PHP
Article

Efficient Chinese Search with Elasticsearch

By Damien Alexandre

If you have played with Elasticsearch, you already know that analyzing and tokenization are the most important steps while indexing content, and without them your pertinency is going to be bad, your users unhappy and your results poorly sorted.

Even with English content you can lose pertinence with a bad stemming, miss some documents when not performing proper elision and so on. And that’s worse if you are indexing another language; the default analyzers are not all-purpose.

When dealing with Chinese documents, everything is even more complex, even by considering only Mandarin which is the official language in China and the most spoken worldwide. Let’s dig into Chinese content tokenization and expose the best ways of doing it with Elasticsearch.

logo (6)

Chinese characters are logograms, they represents a word or a morpheme (the smallest meaningful unit of language). Put together, their meaning can change and represent a whole new word. Another difficulty is that there is no space between words or sentences, making it very hard for a computer to know where a word starts or ends.

There are tens of thousands of Chinese characters, even if in practice, written Chinese requires a knowledge of between three and four thousand. Let’s see an example: the word “volcano” (火山) is in fact the combination of:

  • 火: fire
  • 山: mountainsky

Our tokenizer must be clever enough to avoid separating those two logograms, because the meaning is changed when they are not together.

Another difficulty is the spelling variants used:

  • simplified Chinese: 书法 ;
  • traditional Chinese, more complex and richer: 書法 ;
  • and pinyin, a Romanized form of Mandarin: shū fǎ.

Analyzing Chinese content

At the time of this writing, here are the solutions available with Elasticsearch:

These analyzers are very different and we will compare how well they perform with a simple test word: 手机.
It means “Cell phone” and is composed of two logograms, which mean “hand” and “machine” respectively.

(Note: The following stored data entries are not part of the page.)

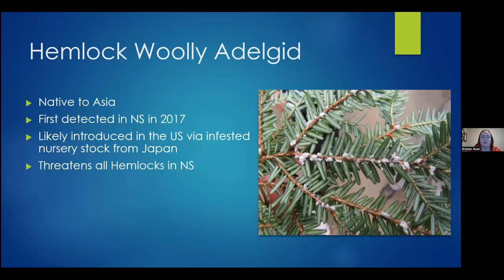Native to Asia, hemlock woolly adelgid was first detected in Nova Scotia in 2017 — only five or six years ago. It was first reported in North America in Virginia in 1951, where it was likely brought in on infested nursery stock from Japan, and has since spread from northern Georgia up to coastal Maine and southwestern Nova Scotia. Up until recently, the only spot in Nova Scotia where you could find it was on the south shore, but this past summer it was detected in Kentville and Wolfville, so it's slowly creeping up. This is one that's been in the news a lot lately, and people are working really hard to manage it across the province.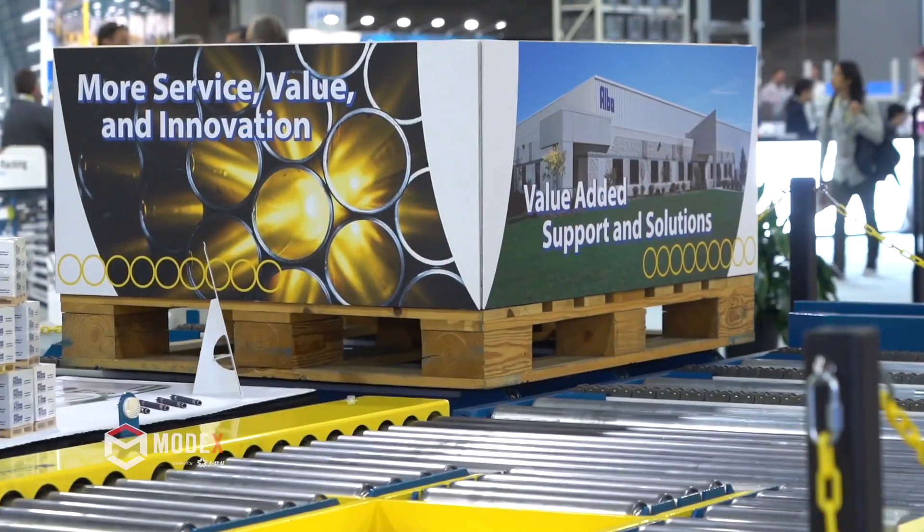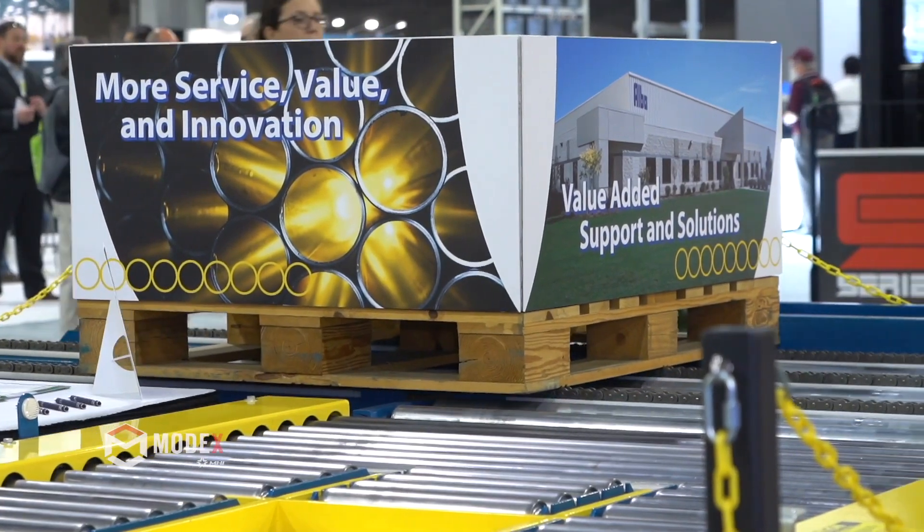So we're excited to be here today, kicking off a new product line — it's MDR 24 volt, using a unit drive system for our chain driven live roller conveyor.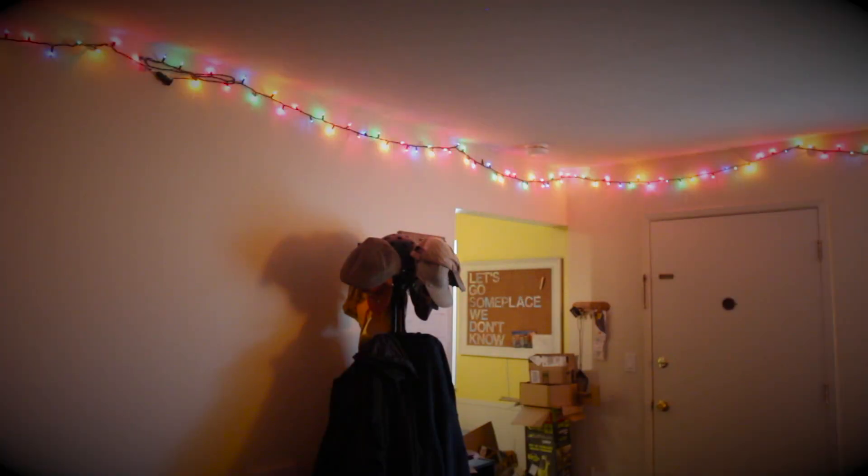Turn on the Christmas lights that you hung in your apartment four years ago and hope they still work. Hey, they work!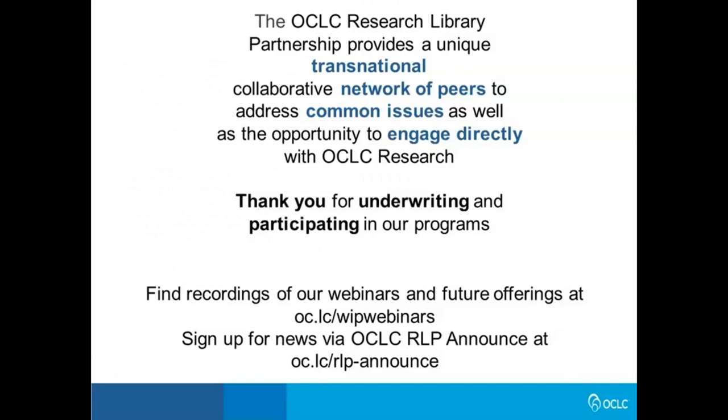I would like to acknowledge the OCLC Research Library Partnership, which both underwrites and inspires our work. Attendees of this webinar are from the OCLC RLP. Thank you for your continued support and input into our work, as these are crucial to our success. And now I'm delighted to turn things over to my colleague in the RLP, Chayla Weber, who will kick things off for us.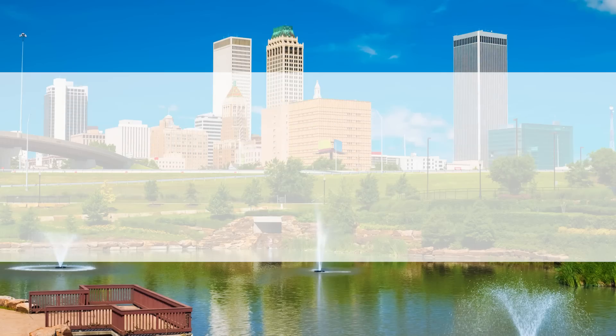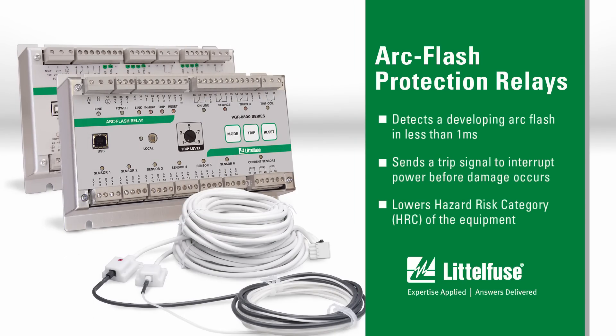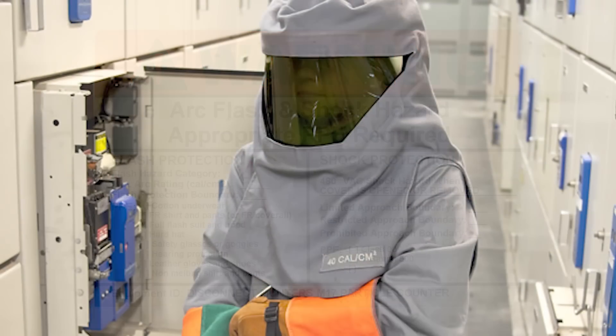Evans Enterprises in Tulsa, Oklahoma knows firsthand the benefits of installing a Littlefuse arc flash relay. They needed to reduce the hazardous risk category for one of their level 4 panels, a necessity so co-workers could approach the panel if it was opened.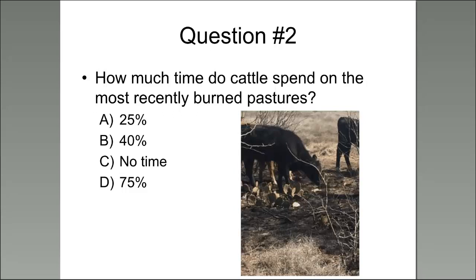This brings us to our second question: how much time do cattle actually spend on recently burned areas? Choices are A, 25 percent; B, 40 percent; C, no time at all; or D, 75 percent. A majority of you are cluing in — the answer is D, 75 percent of their time is spent on recently burned areas. The picture shown here is from when we were still putting fire on the ground and heifers started getting onto the freshly burned prickly pear at our Barnhart Research Station just outside San Angelo.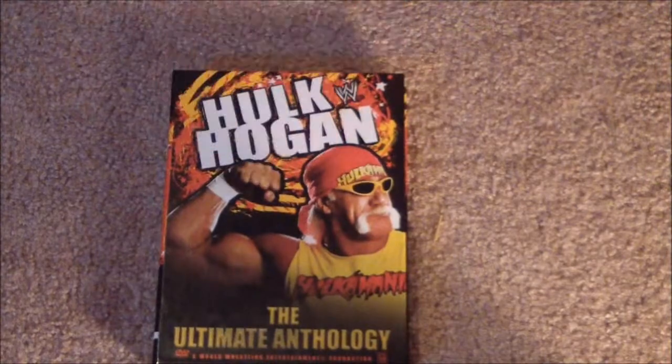Being a big Hulkamaniac, Hogan's my favorite ever since I could remember. He was the first wrestler I rooted for, and I still root for him today. There's been a few DVD sets of him, and the first one we're going to tackle is the Ultimate Anthology set. Like the back of it says, this 3-disc set covers the amazing career of the greatest superstar in the history of sports entertainment, Hulk Hogan — mesmerizing fans from the birth of Hulkamania in the mid-80s and continuing to wow fans today. This is an excellent set, so let's get into seeing what matches are on here.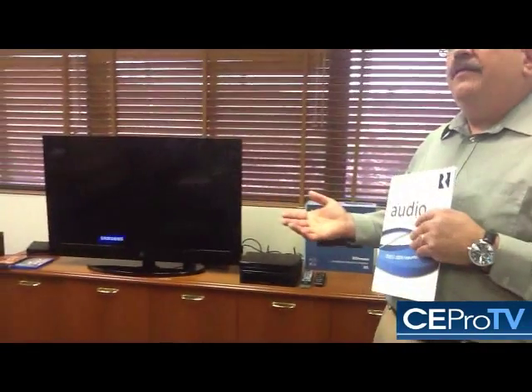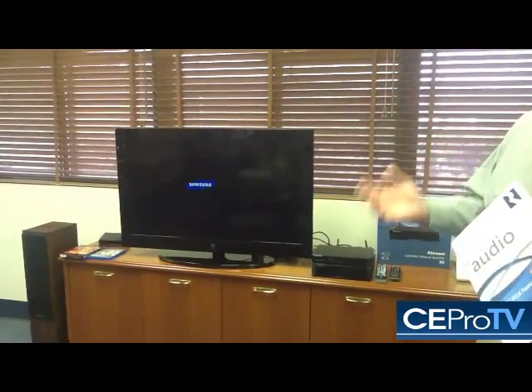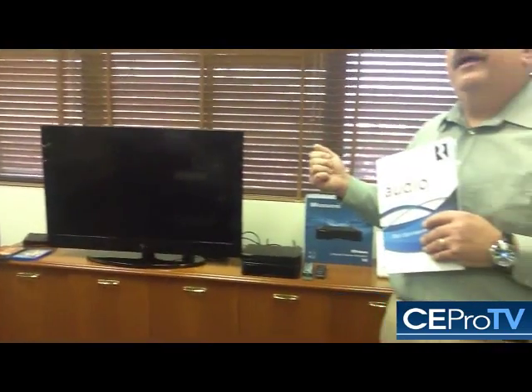One other feature about X5 that we incorporated into it was its ability to integrate into a video system. A master bedroom television set, for example — that TV may have a Blu-ray player, a DVD player attached to it, a cable box, satellite receiver, and so on. What we provided was taking the optical output of that television set, or the coax output, the digital out, and feeding it into the X5, so that way the X5 becomes the amplification for that video source.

The 机 logogram also composes a lot of other words:

  • 机票: plane ticket
  • 机器人: robot
  • 机枪: machine gun
  • 机遇: opportunity

Our tokenization must not split those logograms, because if I search for “Cell phone”, I do not want any documents about Rambo owning a machine gun and looking bad-ass.

rambo

We are going to test our solutions with the great _analyze API:

curl -XGET 'http://localhost:9200/chinese_test/_analyze?analyzer=paoding_analyzer1' -d '手机'

Also, did I mention this awesome cheat sheet for Elasticsearch yet?

The default Chinese analyzer

Already available on your Elasticsearch instance, this analyzer uses the ChineseTokenizer class of Lucene, which only separates all logograms into tokens. So we are getting two tokens: and .

The Elasticsearch standard analyzer produces the exact same output. For this reason, Chinese is deprecated and soon to be replaced by standard, and you should avoid it.

The paoding plugin

Paoding is almost an industry standard and is known as an elegant solution. Sadly, the plugin for Elasticsearch is unmaintained and I only managed to make it work on version 1.0.1, after some modifications. Here is how to install it manually:

git clone git@github.com:damienalexandre/elasticsearch-analysis-paoding.git /tmp/elasticsearch-analysis-paoding
    cd /tmp/elasticsearch-analysis-paoding
    mvn clean package
    sudo /usr/share/elasticsearch/bin/plugin -url file:/tmp/elasticsearch-analysis-paoding/target/releases/elasticsearch-analysis-paoding-1.2.2.zip -install elasticsearch-analysis-paoding

    # Copy all the dic config files to the ES config path - make sure to set the permissions rights, ES needs to write in /etc/elasticsearch/config/paoding!
    sudo cp -r config/paoding /etc/elasticsearch/config/

After this clumsy installation process (to be done on all your nodes), we now have a new paoding tokenizer and two collectors: max_word_len and most_word. No analyzer is exposed by default so we have to declare a new one:

PUT /chinese_test
    {
      "settings": {
        "number_of_shards": 1,
        "number_of_replicas": 0,
        "analysis": {
          "tokenizer": {
            "paoding1": {
              "type": "paoding",
              "collector": "most_word"
            },
            "paoding2": {
              "type": "paoding",
              "collector": "max_word_len"
            }
          },
          "analyzer": {
            "paoding_analyzer1": {
              "type": "custom",
              "tokenizer": "paoding1",
              "filter": ["standard"]
            },
            "paoding_analyzer2": {
              "type": "custom",
              "tokenizer": "paoding2",
              "filter": ["standard"]
            }
          }
        }
      }
    }

Both configurations provide good results, with a clean and unique token. Behavior is also very good with more complex sentences.

The cjk analyzer

Very straightforward analyzer, it only transforms any text into a bi-gram. “Batman” becomes a list of meaningless tokens: Ba, at, tm, ma, an. For Asian languages, this tokenizer is a good and very simple solution at the price of a bigger index and sometime not perfectly relevant results.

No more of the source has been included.